Lake-effect snow that began Monday in the Midwest continued into Tuesday in the Northeast, where an additional 4 to 8 inches of snow was possible in some areas.
Down south, some 66 million people from southeast Virginia to the Gulf Coast shivered through a second straight day of unseasonable cold with temperatures dipping into the 20s and 30s in some places.
The FAA began reducing the number of flights landing and departing from major airports by 4 % on Friday because of a shortage of air traffic controllers and Transportation Security Administration employees, both of which have been working 42 days without pay as of Tuesday.
Barring a last-minute change, the flight reduction is supposed to increase to 8% on Thursday and to 10% by Friday, the FAA said.
That plan was hatched before eight Democratic senators broke with their party late Monday to pass a bipartisan bill that would end the longest-ever government shutdown.
It still needs to be passed by the House and then signed by President Donald Trump — who has indicated he supports it — for the government to return to full functionality.
In a Truth Social post on Monday, Trump called out controllers he said were skipping work and suggested a $10,000 bonus for those who worked through the shutdown — even though he admitted he didn’t know where the money would come from.
Duffy called Trump's proposal "brilliant."
"They should get a bonus," he said. "The should go to the White House and get a check."
As for the controllers who missed days, Duffy they will "take action" but gave no specifics.

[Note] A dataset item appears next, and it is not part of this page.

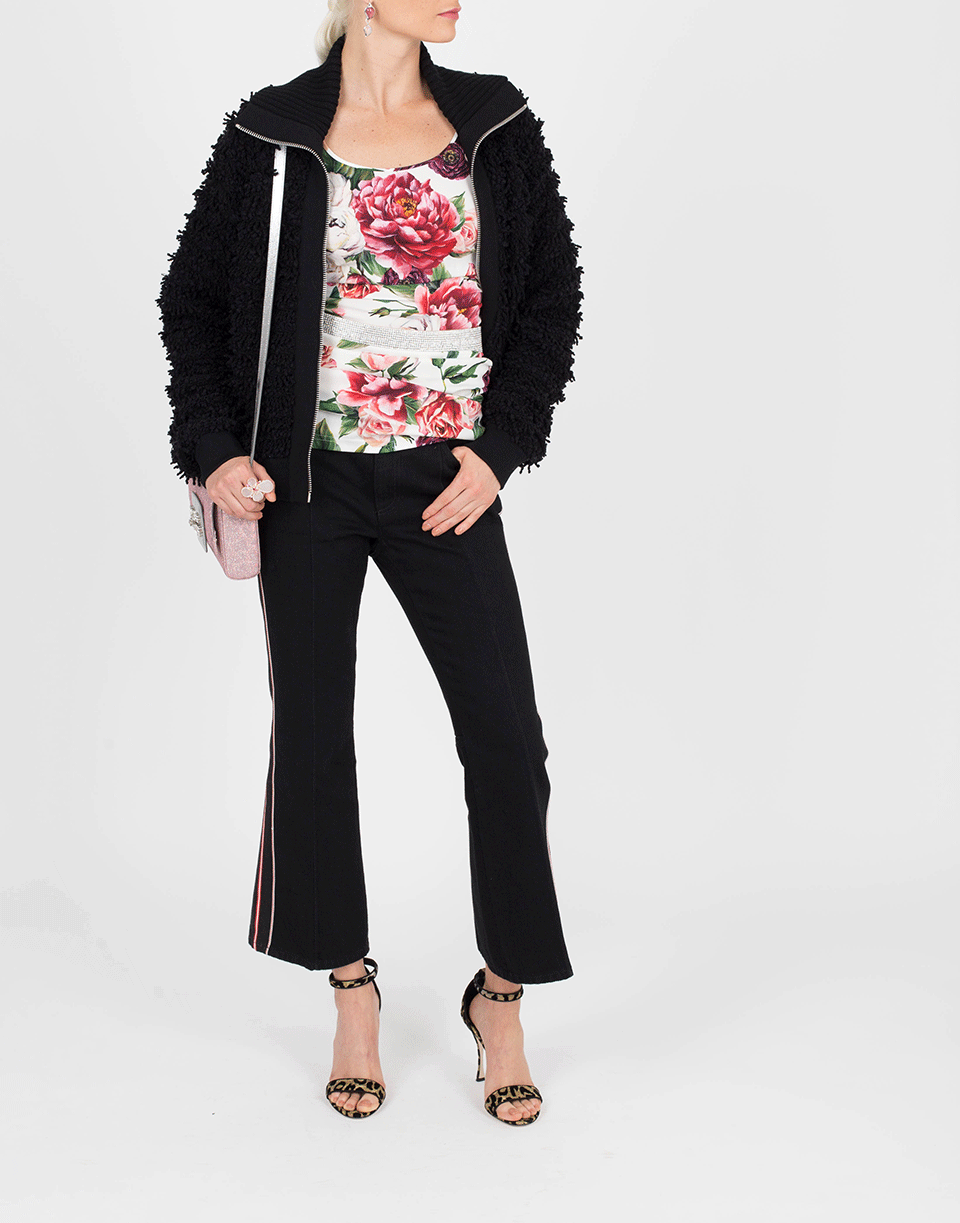 GIVENCHY-Knit Zip Up Jacket-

"I'm concerned about their patriotism," Duffy said.
Air traffic controllers are considered essential workers and are not allowed to walk off the job, even if they're not getting paid.
A 2018 law ensures that controllers who work during a government shutdown receive back pay.

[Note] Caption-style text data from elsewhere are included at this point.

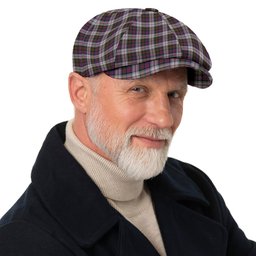 ScotsTee Shop Scottish MacDonald Dress Modern Tartan Newsboy Cap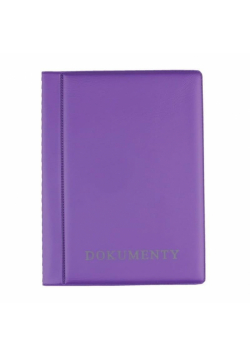 Okładka na dokumenty mini violet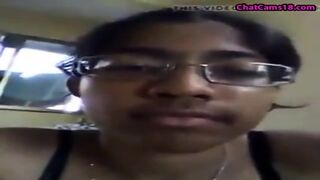 Desi Tamil South Indian Chennai Nerd Student Boobs Pussy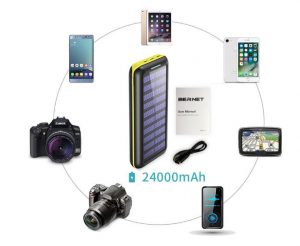 powerbank solar para iphone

Still, as the shutdown that began on Oct. 1 dragged on, airports reported a steady increase in the number of call-outs by controllers.
Meanwhile, the airlines struggled to get frustrated travelers to their destinations.
Earlier, Duffy reminded the airlines that it is their responsibility to refund travelers whose purchased flights canceled due to the FAA mandate. He also said that the "stringent requirements" that typically apply to getting refunds have been removed.
Even if the shutdown ends later this week, Duffy said it could take much longer for the flight system to right itself and for flight schedules to return to 100%.
More than 2,400 U.S. flights were canceled Monday, with only 4% canceled as mandated by the FAA. More than 5 million air travelers have been affected by flight delays because airports lacked enough controllers to handle all the traffic, the FAA reported.
Only 11 flights were canceled from Oct. 1 to Oct. 29 due to the same staffing issues, but the number of cancellations jumped to 4,162 from Oct. 30 to Nov. 9.
The vast majority of those cancellations — 3,756 — occurred from Nov. 7 to Nov. 9, when the FAA began mandating flight reductions at the 40 high-traffic airports.
Nick Daniels, president of the National Air Traffic Controllers Association, said the flight reductions had to be done because the strain on controllers puts the public at greater risk.
“This is the erosion of the safety margin the public never sees, but America relies on every single day,” Daniels said at a news conference.